"Soundings of Things Done": The Poetry and Poetics of
Sound in the Romantic Ear and Era
Introduction
A forum convened by Susan J. Wolfson, Princeton University
-
Well, that was the title,
ably coined by Stuart Curran for the Keats-Shelley Association of America, that
we sent to the MLA, in glad cooperation with President Marjorie Perloff's
invitation for a Convention mega-colloquium on "The Sound of Poetry." The
editors of the Convention Program sighed, and shortened it to "Romanticism:
Poetry and Poetics of Sound," at
once killing off the resonant Sidney sound-bite,[1] and
foreshortening our sprightly leap from instance to theory, and our lovely apt
anagrams. Not poetic, that Convention bureau. But what they lacked in wit in
the program-prose they made up for in the resourcefulness of material doing:
they did manage to schedule this session of on verse in in a perversely narrow
wind-tunnel of a room in Philadelphia, 2006, where, too poignantly, hearing was
hard, we were told.
-
So we, and our
frustrated auditors, are especially grateful for Orrin Wang's invitation to
revise our essays for a new hearing in Romantic Praxis, promoted not
only from narrow wind-tunnel to worldwide web, but also released from the
torture to twenty minutes on the MLA's new LimiTimer: a branded
coinage, catchily two-sided, with a single shared T facing in opposite directions
at once, that reads like a lampoon of those blended phonetic effects in Romantic
verse that each of the speakers tries in various ways to keep in earshot—not
to mention a parody of romantic end-rhyme itself, with its metrically clocked
bounds of sound.
-
Our participants, now unbound, are, in
addition to me, Adam Potkay, James Chandler, and Garrett Stewart, and in our
auditorium, all those whom we quote.

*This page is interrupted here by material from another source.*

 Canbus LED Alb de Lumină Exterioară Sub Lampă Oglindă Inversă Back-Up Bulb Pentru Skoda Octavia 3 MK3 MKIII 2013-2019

Adam has his ear to the sound of
Wordsworth's stanzas; Jim relays Wordsworth's Power of Sound into the
Sound of Power and what "sound overpowers" in the Intimations Ode and Shelleyan
coordinates; and the Master-Ear of the Phonotext, Garrett Stewart, catches the
Romantic phone-omenon in Romantic poetry, its reverberations in Victorian
imagination, and its resonance in cognition theory today.